You are viewing a plain text version of this content. The canonical link for it is here.
Posted to common-user@hadoop.apache.org by Jason Venner <ja...@attributor.com> on 2008/02/28 04:07:03 UTC

More HOD: is there anyway to get HOD to copy back all of the log files to the submit node?

I have found that HOD writes a series of log files to directories on the 
virtual cluster master, if you specify log directories.
The interesting part is figuring out which machine was the virtual 
cluster master, if you have a decent sized pool of machines.

It would be so nice if HOD could copy this back to the submission node.

I suppose we could configure syslog up but then we have to configure the 
syslogd on each of the submit hosts to accept from any compute node...


-- 
Jason Venner
Attributor - Publish with Confidence <http://www.attributor.com/>
Attributor is hiring Hadoop Wranglers, contact if interested


Re: More HOD: is there anyway to get HOD to copy back all of the log files to the submit node?
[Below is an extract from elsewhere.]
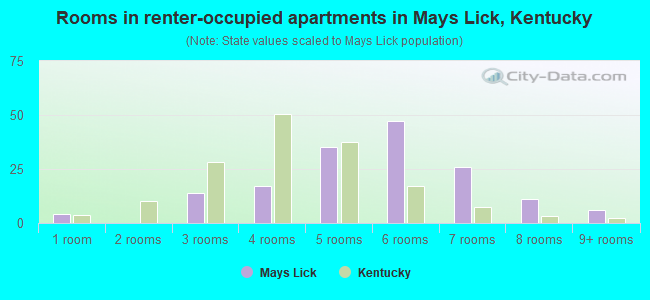 Rooms in renter-occupied apartments in Mays Lick, Kentucky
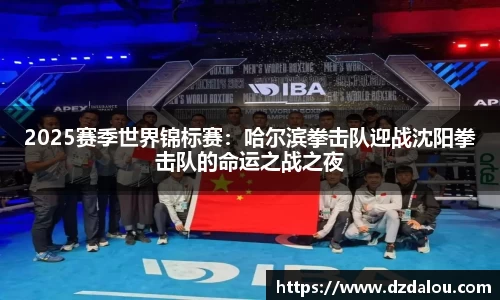 2025赛季世界锦标赛：哈尔滨拳击队迎战沈阳拳击队的命运之战之夜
Posted by Jason Venner <ja...@attributor.com>.
You are my hero of the day Hemanth, these 3 things will make our life so 
much simpler.

Not knowing torque at all and trying to deal with two systems that are 
essentially unknown has been making the learning curve quite steep.


Hemanth Yamijala wrote:
> Jason Venner wrote:
>> I have found that HOD writes a series of log files to directories on 
>> the virtual cluster master, if you specify log directories.
>> The interesting part is figuring out which machine was the virtual 
>> cluster master, if you have a decent sized pool of machines.
>>
> Can you explain what you mean by 'virtual cluster master' ? I guess 
> you could mean the node which ran the 'ringmaster' process - the 
> master process in a hod virtual cluster, or the hadoop 'jobtracker'. 
> Both this information is stored by hod for an allocated cluster. You 
> could retrieve it by using
> hod -o list,
> and
> hod -o "info cluster-dir"
>
> If the cluster is deallocated, you can get the ringmaster node still 
> by using torque commands:
>
> qstat (to get torque job ids)
> and
> qstat -n <jobid>
>
> This will print a list of nodes, the first one is the ringmaster.
>
>> It would be so nice if HOD could copy this back to the submission node.
>>
>> I suppose we could configure syslog up but then we have to configure 
>> the syslogd on each of the submit hosts to accept from any compute 
>> node...
>
> Syslog configuration has a bug which will be addressed in Hadoop 0.16.1.
>
> Thanks
> hemanth
>
-- 
Jason Venner
Attributor - Publish with Confidence <http://www.attributor.com/>
Attributor is hiring Hadoop Wranglers, contact if interested

Re: More HOD: is there anyway to get HOD to copy back all of the log files to the submit node?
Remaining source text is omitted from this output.